**The problem**.
The line holding "Load image into" is the last one to output; start at the first line of the data, keep every line in between exactly, and leave out pictures.
** Opening Listed records block **
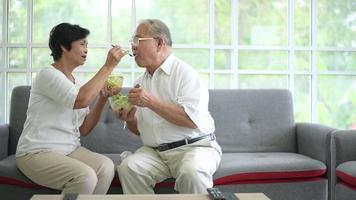 An elderly couple are eating healthy food , grandparents health care concept . video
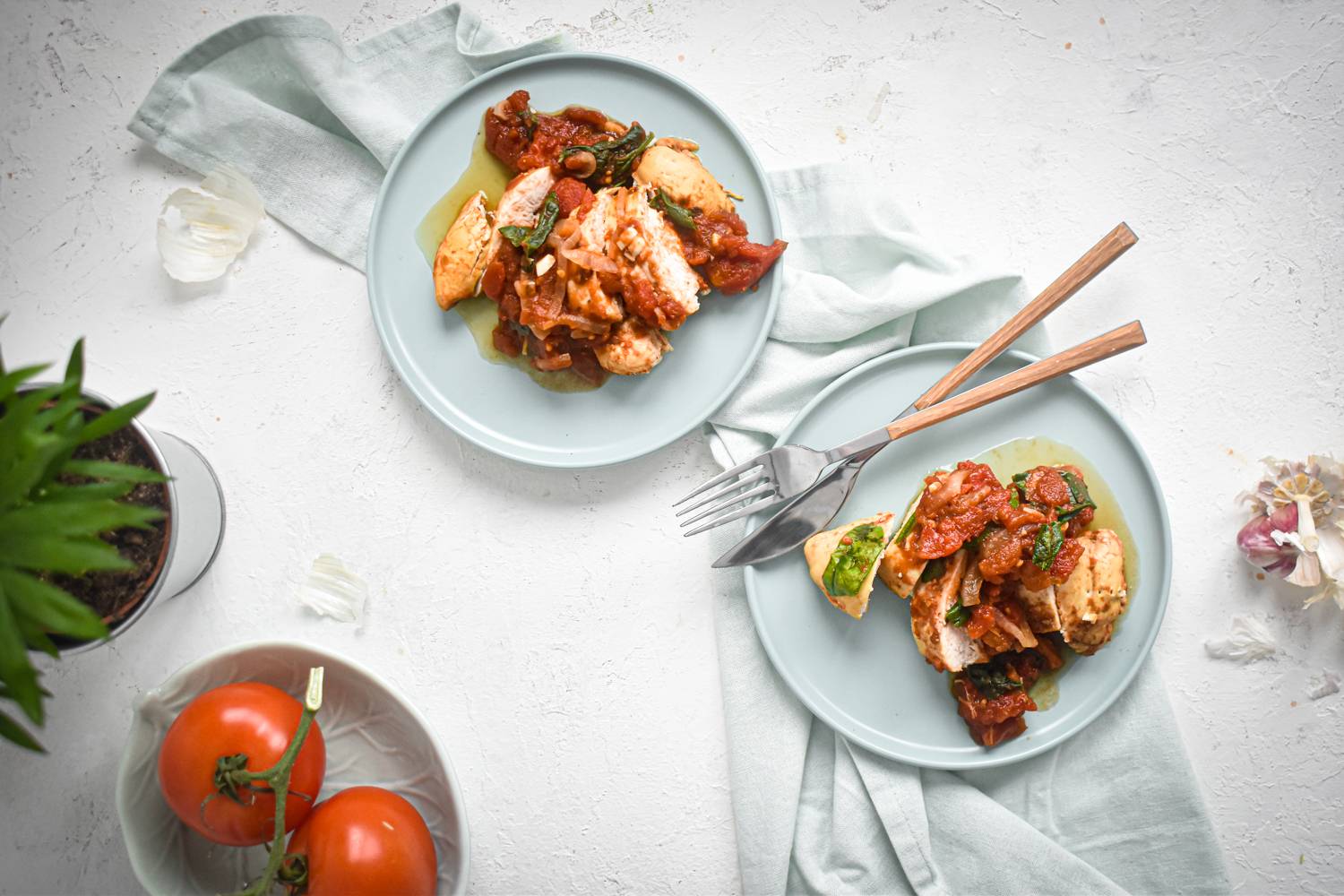 Overhead shot of two plates with tomato balsamic chicken on.
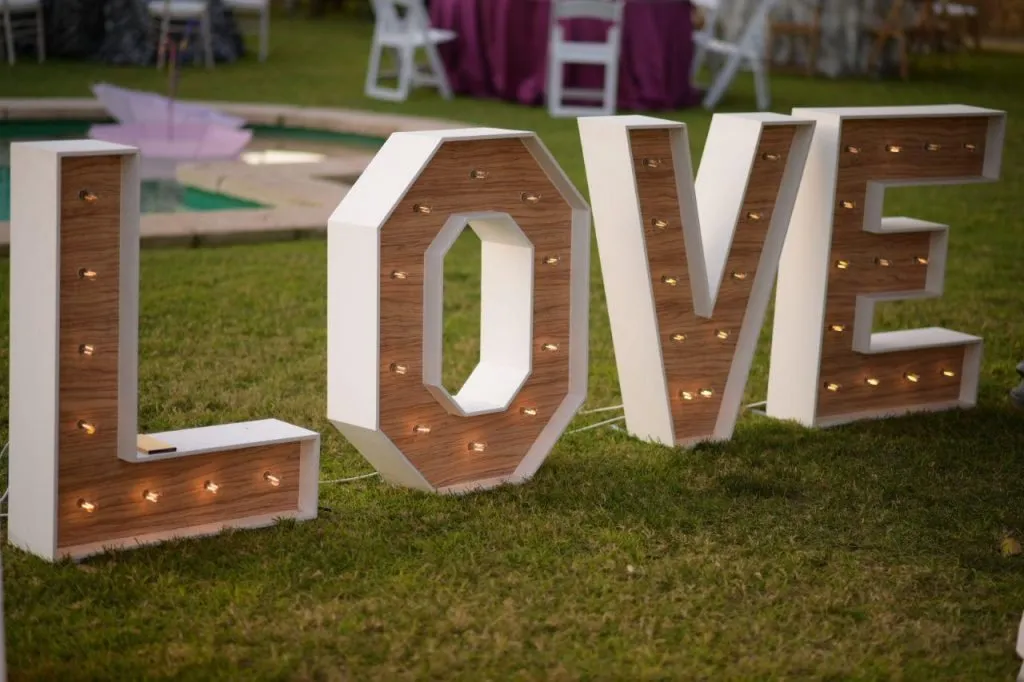 Letras LOVE con luz en un jardín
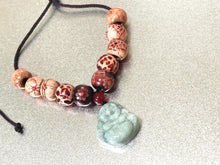 Load image into Gallery viewer, 10 Breaths Necklace with Jade Buddha Charm and Decorative Wood Beads
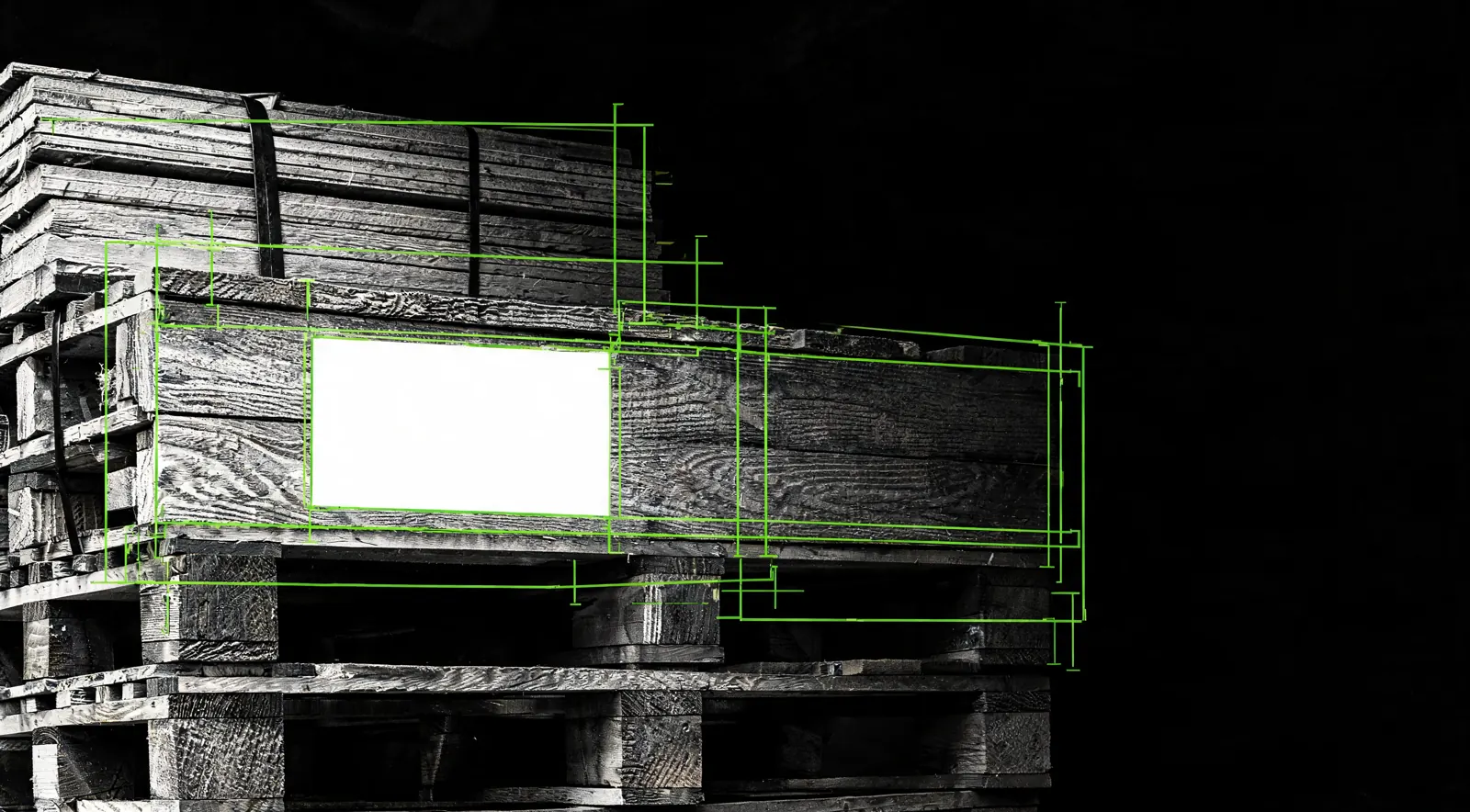 A pallet slat prepared with a blank space, then stenciled with the Salesman Solutions mark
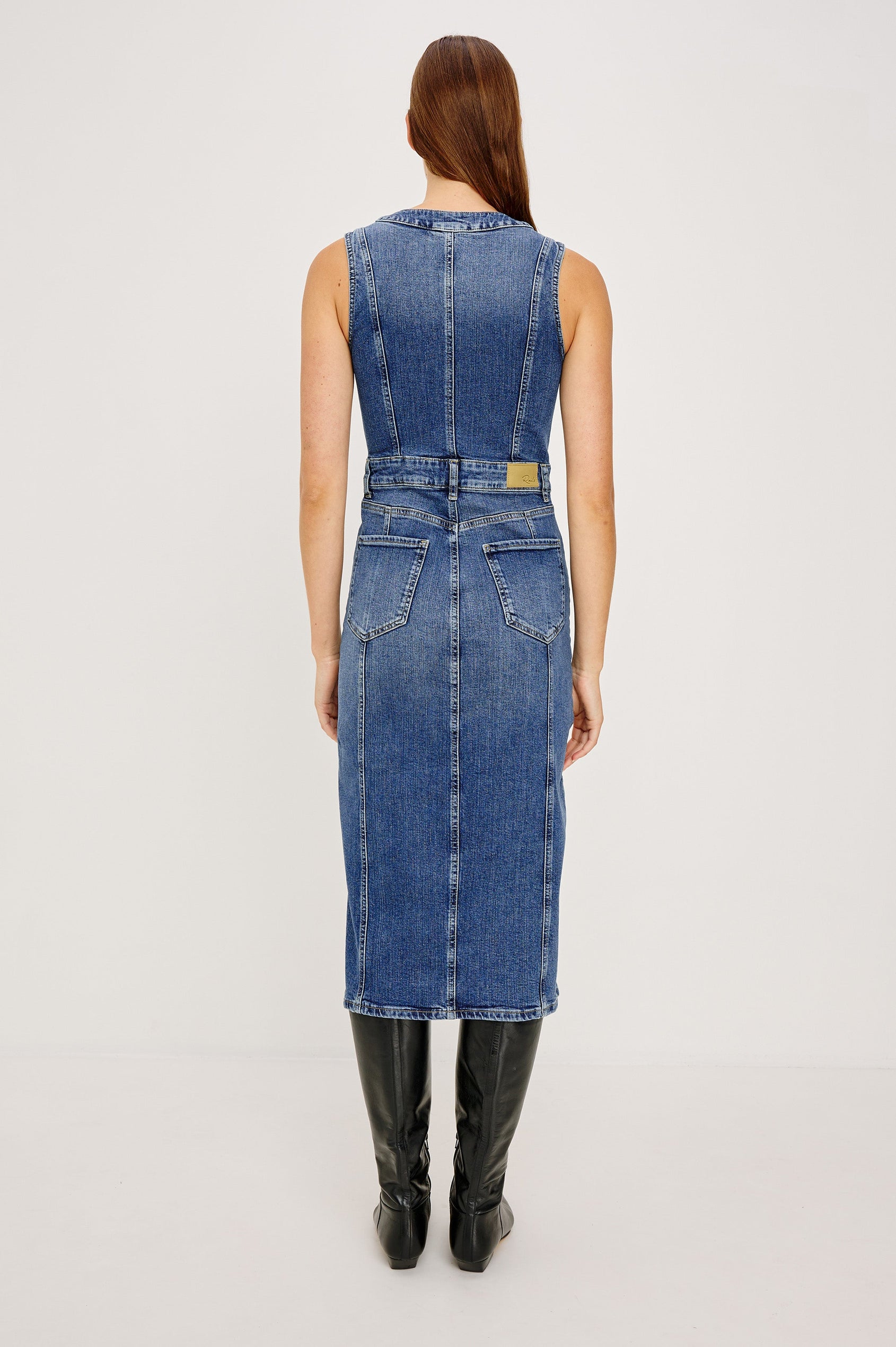 Westwood Sleeveless Denim Midi Dress with Belt Loops, a Button and Zipper Closure for the Skirt and Button Closure on the Bodice, a V neck, a Front Center Thigh Slit, Two Front Pockets  and Two Back Patch Pockets in Forget Me Not Colorway, a Blue - Back Full Body View Featured on Model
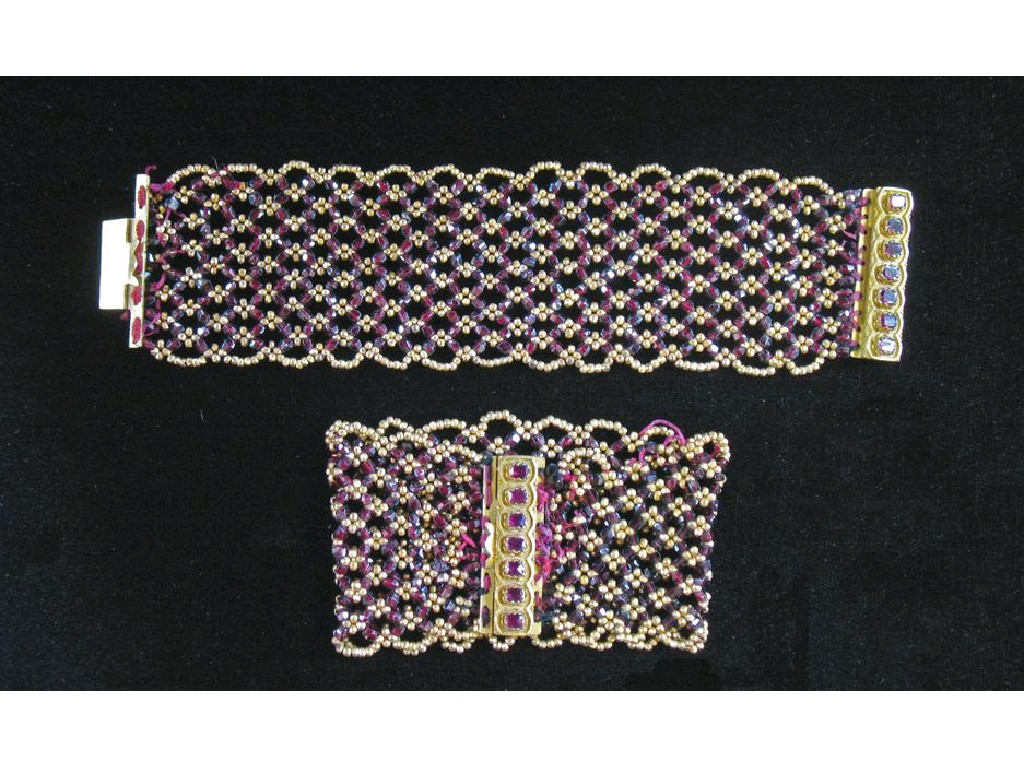 Appraisal: A PAIR OF EARLY TH CENTURY GARNET CUFF BRACELETS the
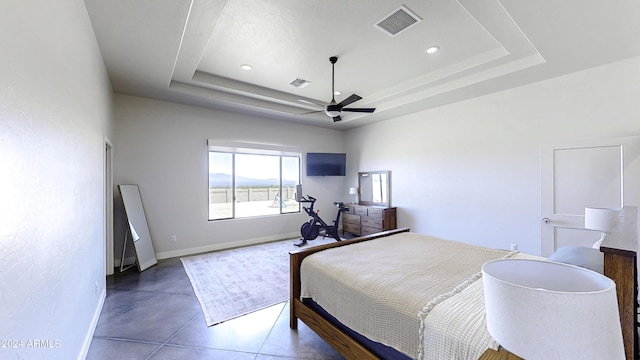 bedroom with a raised ceiling and ceiling fan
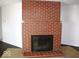 Large brick fireplace with dark hearth and black grate at 3008 W Grace Ln, Muncie, IN 47304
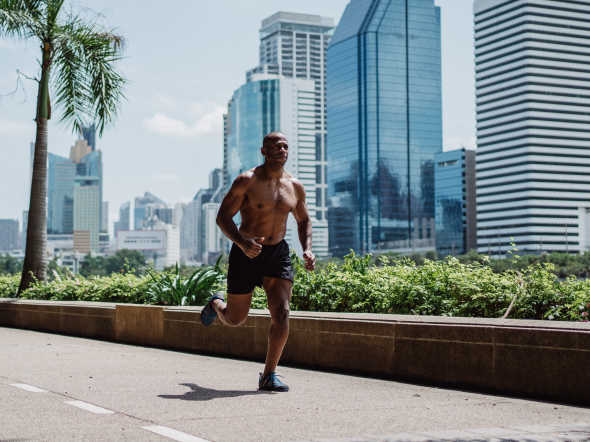 shirtless bodybuilder running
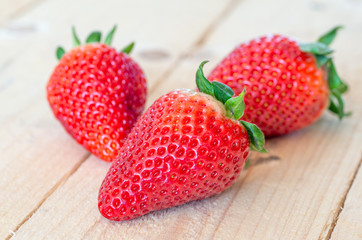 Close up of big strawberry on wood 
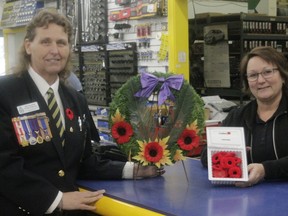 Marlene Kellier-Pinchbeck, first vice president of the Royal Canadian Legion Branch #44 Whitecourt, drops off a poppy box with Susan King, owner of the local Napa Auto Parts on Oct. 31 (Joseph Quigley | Whitecourt Star).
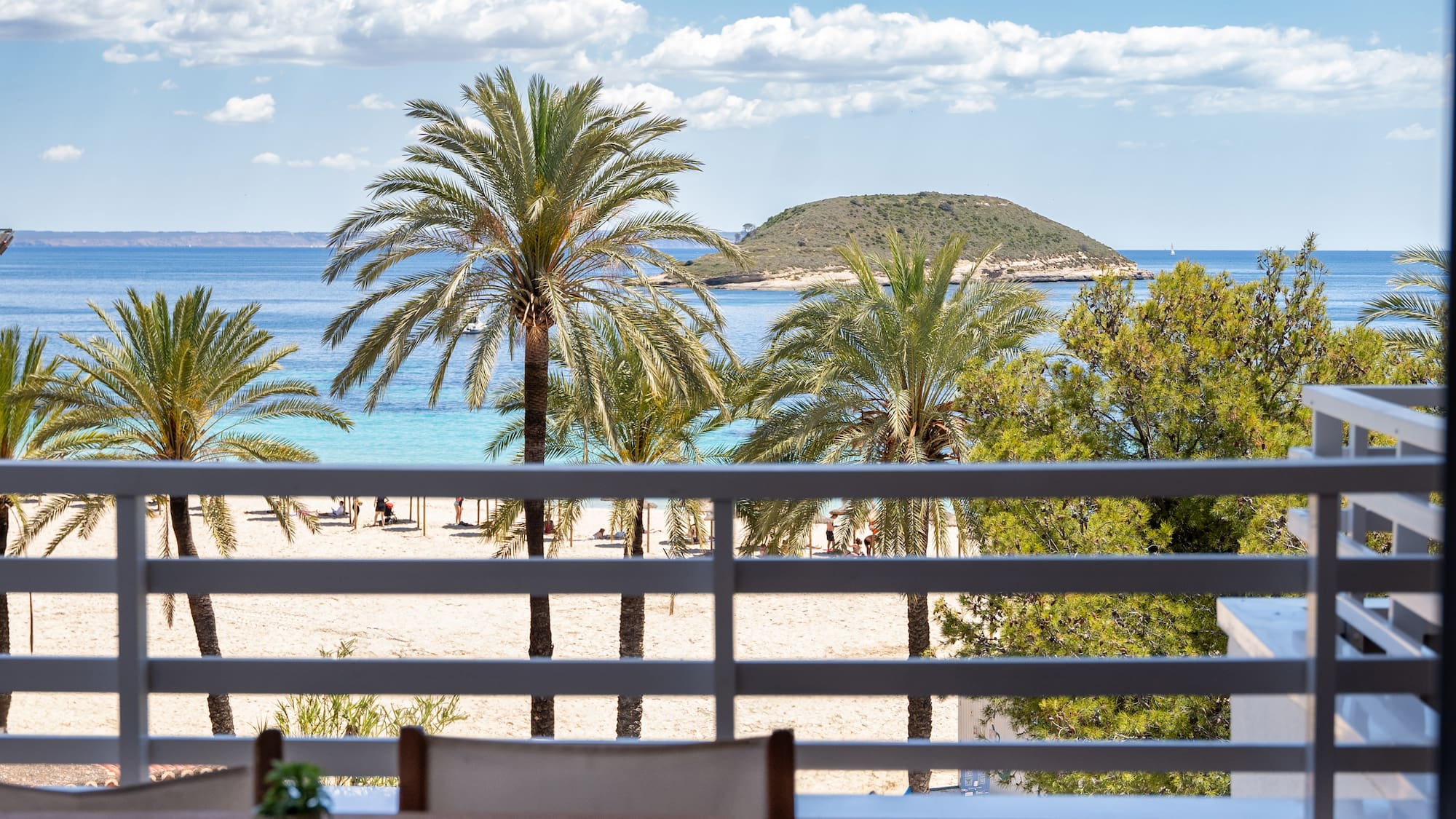 a view of a beach from a balcony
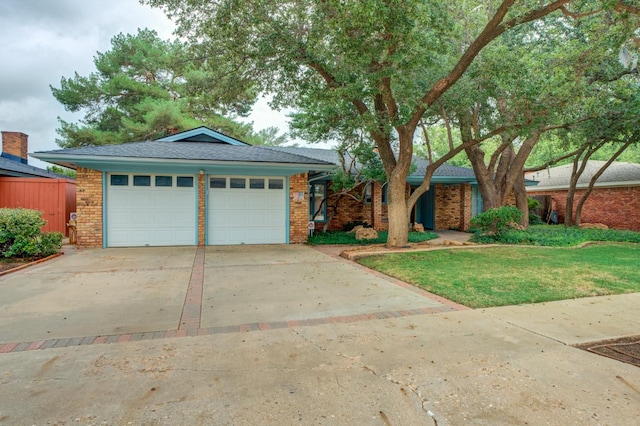 ranch-style home with a garage and a front yard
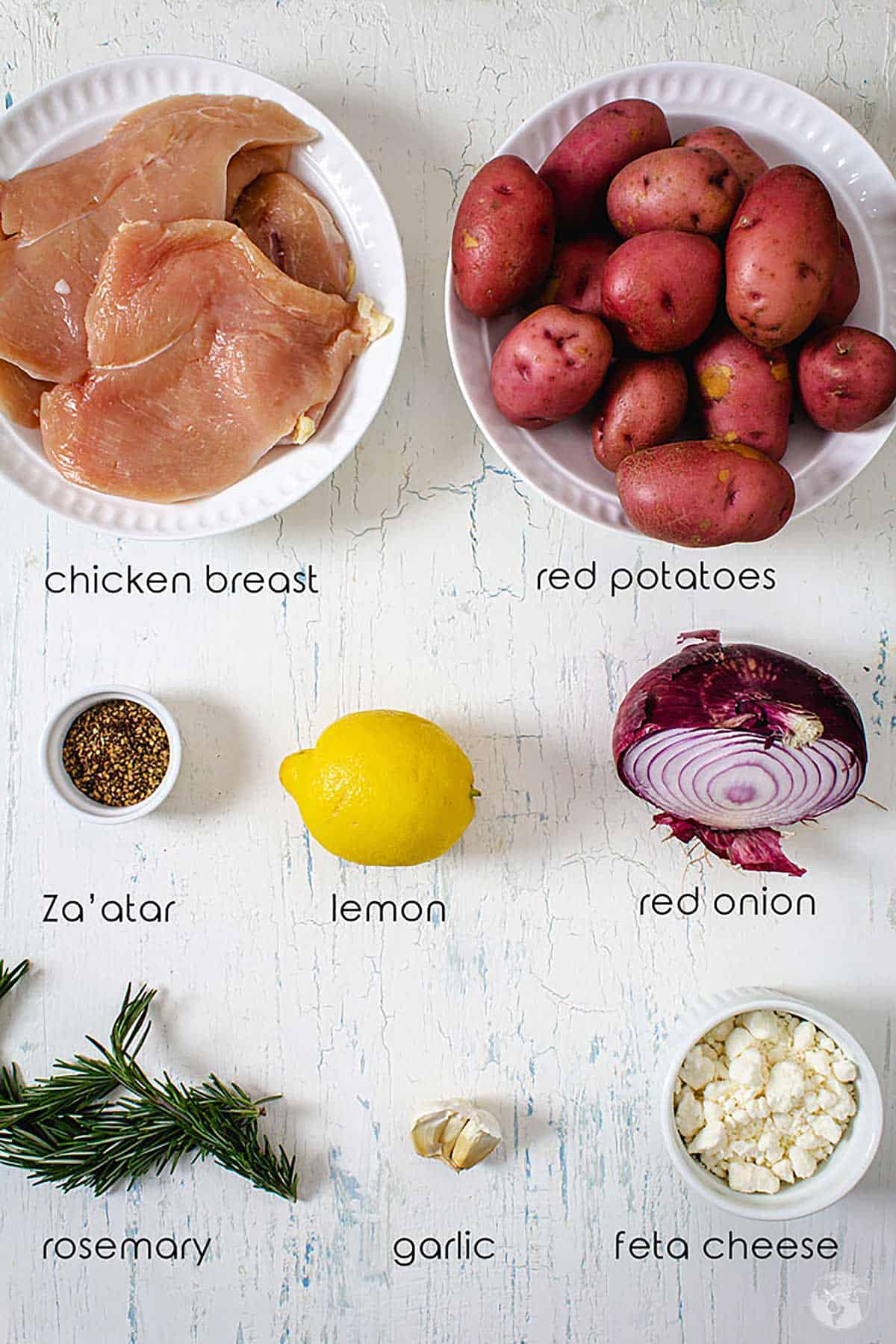Ingredients for the best Mediterranean chicken recipe on the counter.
** Closing Listed records block **
**Solved problem**.
 An elderly couple are eating healthy food , grandparents health care concept . video
 Overhead shot of two plates with tomato balsamic chicken on.
 Letras LOVE con luz en un jardín
 Load image into Gallery viewer, 10 Breaths Necklace with Jade Buddha Charm and Decorative Wood Beads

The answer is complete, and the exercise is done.